As David Sloan tells us the W4A is ‘the biggest annual gathering of the web accessibility research community.‘ and this year’s Keynote – By Prof. Jim Hendler – was a ‘Doozy’.
Indeed, you don’t have to take my word for it you can see Jim Hendler at the W4A12 for yourself – recorded (apologies for the adverts) live and saved on the W4A USTREAM Channel!

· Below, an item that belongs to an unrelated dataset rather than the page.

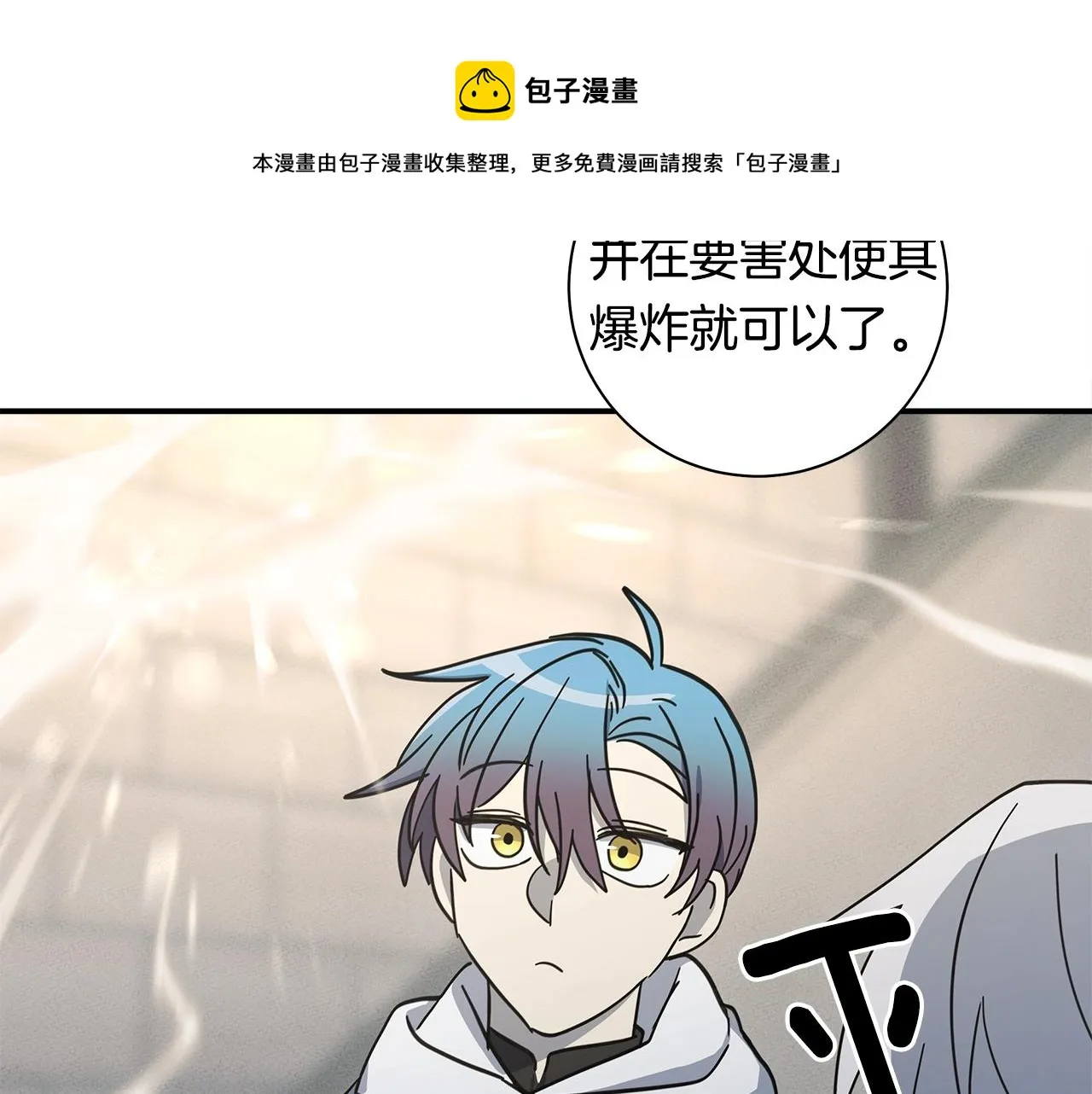 第119话 物理昏厥 第157页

In brief Jim, made the case that accessibility goes beyond that of simple access by disabled users into something much deeper, and more opaque. The boundary of just what accessibility entales, and just what it’s limits are, have become blurred when you are talking about large data sets. If indeed, as Jim proposes, open public data and our access to it, is important – then just where does accessibility fit in?
This is a difficult question because it also raises the issue of information overload, even if we make the tabular datasets technically accessible – following 508 and WCAG 2 – these sets are so large and cumbersome that they will still not be accessible in any practical way. Access is prevented due to the size and complexity of the table and its data, so while we may be able to access individual cells via our user agents, the data itself will still be, to all intents and purposes, unavailable.
This kind of accessibility barrier is just the kind of thing we discussed in our paper at the W4A and is the focus on my continued work on auditory gist, glance, and cognitive limits. It seems however the battle to enable access by visually disabled users to large Open Data Sets – the ‘Accessible Web of Data’ – is going to be a ‘Battle Royale’.
Indeed, it may be time to start to think of accessibility along different dimensions; just as statistical analysis thinks of itself. While a resource may be accessible when judged against technical validity, or against guidelines such as 508, WCAG 2, or BS 8878, it may still not be practically accessible.